Cutrara will use the grant to continue her research into how Canadian history is portrayed in children’s graphic novels. She recently studied how topics like residential schools, Chinese labourers on early Canadian railways, and suffragists are portrayed in children’s picture books.
The project takes off partly from her 2012 academic essay collection about Chester Brown’s 2003 graphic novel Louis Riel. “It has received a lot of accolades about how groundbreaking it is in terms of telling stories about history,” Cutrara says, before adding with a laugh, “However, as soon as I read it, I was like, ‘This is incredibly sexist!’”
Only 3 per cent of the more than 1,420 panels showed a woman at all, she found, most of whom never spoke. “I found it a frankly offensive telling of history, as a feminist, as a gender scholar, as a historian,” she says.

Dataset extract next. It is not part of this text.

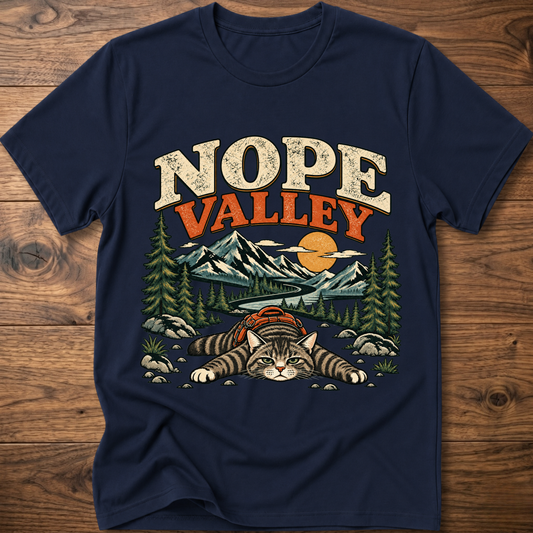 Navy cat T-shirt with Nope Valley mountain forest graphic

“The article that I wrote [on Louis Riel] highlighted that while graphic novels and comic books can be a really interesting medium for telling stories in new ways, we still have to be aware of the ways in which visual representation of these histories can exacerbate absences and exacerbate ideas in ways that can be damaging,” she explains. “If I was reading a traditional history, I could imagine women being around. But with graphics, you can’t imagine women being around if they are literally drawn out of history.”
While she doesn’t intend to go deep into analysis of gender in her Russell grant project, she will examine ways that older and more biased narratives may be duplicated in graphic material. In 2017, she researched depictions of various historical events in Canadian children’s books, and the new project aims to fill in the gaps between that project and the graphic novel research.
“I was surprised when I did the picture-book research how few picture books there are for children about Canadian history,” she says. Graphic novels were the one area where she saw a concentration of exciting new titles, but most of these fell outside the age range of her picture-book study.
With the grant, she plans to return to those more mature graphic novels, such as Willow Dawson’s biography of Nellie McClung, Hyena in Petticoats, David Alexander Robertson’s Sugar Falls: A Residential School Story, and Scott Chantler’s Two Generals.
Assessing the appropriate age group and potential curriculum links – and whether the two line up, based on standard history curricula across the country – will be part of that work. “I’m a history education strategist, and I find it really important that there’s always a foot in the classroom,” Cutrara says.
Depictions of gender and race will be part of her research, but primarily, she’ll be looking at whether the comics and graphic novels examined add something new to the historical narrative, showing different nuances of race, gender, and class as opposed to “the kind of standard Fathers of Confederation narrative.”
“Is it the same story but just drawn out?” she asks. “Or have new stories been able to emerge because of this different medium?”